Track & field athletics statistics
World and Swedish all-time lists
http://w1.196.telia.com/~u19603668/athletics_all-time_best.htm
----- Original Message -----
From: "Eamonn Condon" <eamonn@...>
To: "Track & Field" <t-and-f@...>
Sent: Wednesday, February 07, 2001 4:07 AM
Subject: t-and-f: Moses a force for good
> The Electronic Telegraph
> Wednesday 7 February 2001
> Andrew Baker
>
> EDWIN MOSES is not a typical customer of the Capital Grille at 601
> Pennsylvania Avenue, Washington DC. He dislikes red meat, while most of his
> fellow diners are tucking into near-raw steaks the size of their faces. He
> dislikes politics, while most of his fellow diners are either politicians or
> hangers-on sharing out the goodies in the aftermath of the inauguration of
> President George W Bush. He has two Olympic gold medals and was once the
> most invincible athlete on the planet, while the closest that most of his
> fellow diners will get to meaningful exercise is raising a hand to summon a
> waiter.
>
> So what is Edwin Moses doing here?
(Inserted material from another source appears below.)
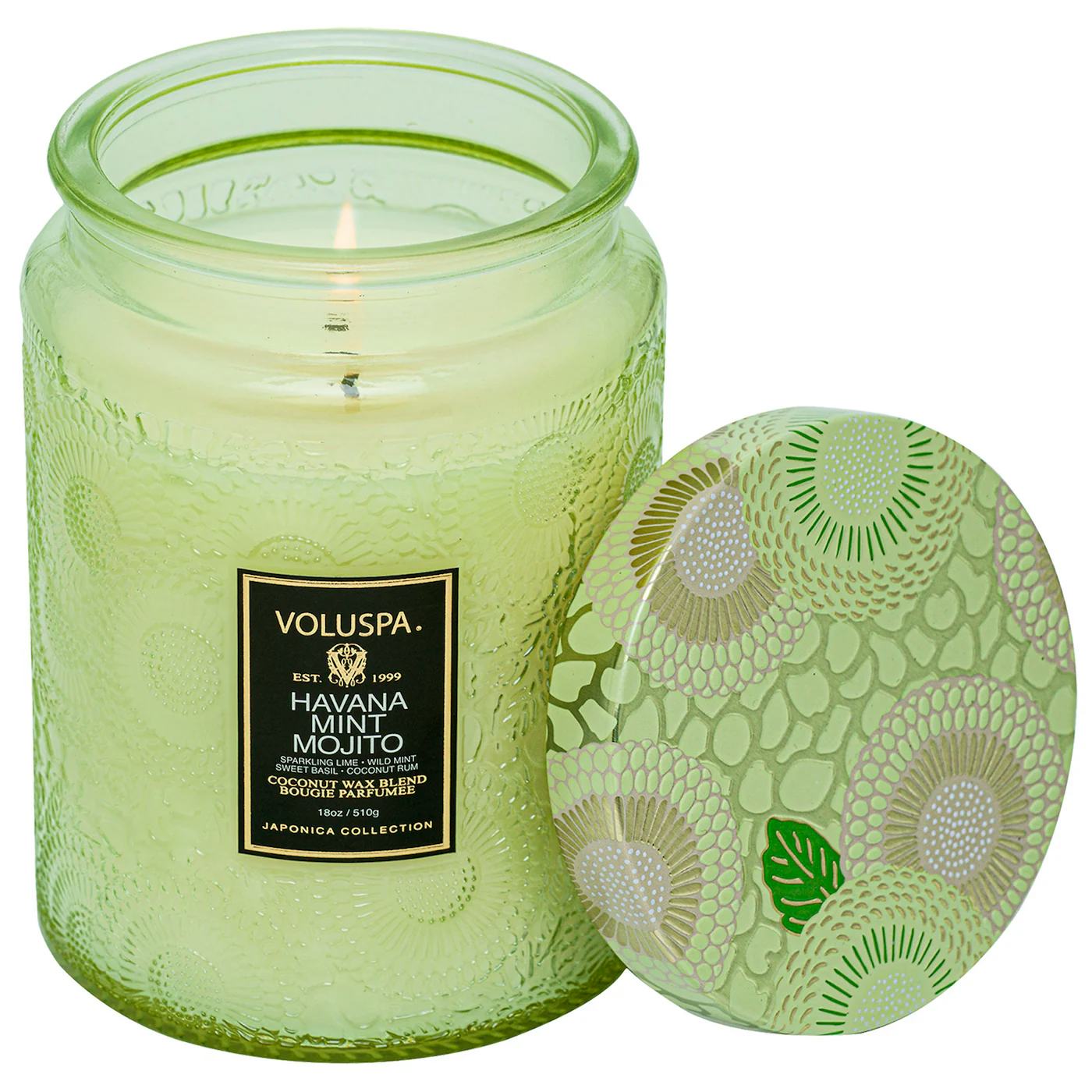 VOLUSPA Havana Mint Mojito Glass Jar Candle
It's just a feeding station, truth to
> tell, time to hoover up a plate of shrimp linguine and a glass of fine wine
> before hitting the hotel bed. Tomorrow he's in Richmond, Virginia; the day
> after that, New York; the day after that, back home in Atlanta. The Capital
> Grille is a blip on the schedule as Edwin Moses adds another line to his
> bulging CV.
>
> To any follower of athletics, Moses, now 45, will need no introduction. He
> is no longer besieged by adoring fans, but if you spend a little time in his
> company you will notice that periodically grown males will bashfully
> approach and ask for an autograph or a snapshot, or simply shake him by the
> hand and express their gratitude.
>
> All are graciously treated by the lean, rangy man with the trademark scrubby
> beard (now greying at the edges) and glasses. Moses does not seek adulation,
> he will tell you, or court the media. The last thing he wants is a scrum of
> autograph-seekers. But no way is he going to disdain a little admiring
> attention.
>
> He has earned it. Edwin C Moses owned the 400 metres hurdles event for a
> decade. Between August 1977 and May 1987, he won 122 races in succession. It
> is, and will long remain, the greatest sequence of consecutive victories
> compiled by an athlete. In the process he collected Olympic gold at Montreal
> and Los Angeles, and would surely have added another had the US team not
> boycotted the Moscow Games of 1980. The world record he set in 1983,
> 47.02sec, would endure for another nine years.
>
> Did he feel invincible then? A slow nod, and a slow grin. "I just
> out-trained everybody else," he recalled. "I knew what everybody else was
> doing, and I knew that I was doing more. I was training six hours a day in
> three or four sessions, sometimes into the evenings. I used no stimulants,
> no drugs of any kind. I just thought of everything, and I had it
> compartmentalized, and that gave me mental strength. I just knew I wasn't
> going to be beaten."
>
> There are clues in the account of Moses's competitive career to his course
> of action when he finally hung up his spikes, after taking a valedictory
> bronze medal at the Seoul Olympics in 1988. The powerful intellect, will to
> succeed and dislike of drugs and those who used them were all harnessed in
> the campaign Moses led to establish random out-of-competition testing for
> athletes.
>
> It is an initiative that he feels has been inadequately followed by his
> country's Olympic authorities in recent years. The posturing and allegations
> of cheating that dogged the US athletics squad in Sydney sadden him. "When I
> was with the US Olympic Committee, I was willing to stand up and fight for
> what's right," he said. "Now they don't have anybody willing to fight, and
> they're at the bottom of the pile again."
>
> The politics and back-stabbing of the American sporting scene hold little
> appeal for Moses. These days his main focus is on his work as chairman of
> the World Sports Academy. The purpose of the academy, which comprises an
> extraordinary array of international sporting legends, is twofold: to elect
> the winners of the annual Laureus Sports Awards, and to direct the
> activities of the Sport for Good Foundation, the charitable offshoot of the
> awards, which has $1 million to spend.
>
> There is a certain element of swank about the awards, which are presented at
> a star-studded gala reception in Monte Carlo. This is an occasion that can
> arouse in cynical hearts questions about the purpose and value of the
> proceedings, and the necessity of garlanding the already successful with
> further accolades.
>
> "Monte Carlo is part of getting to the solution of problems," Moses said.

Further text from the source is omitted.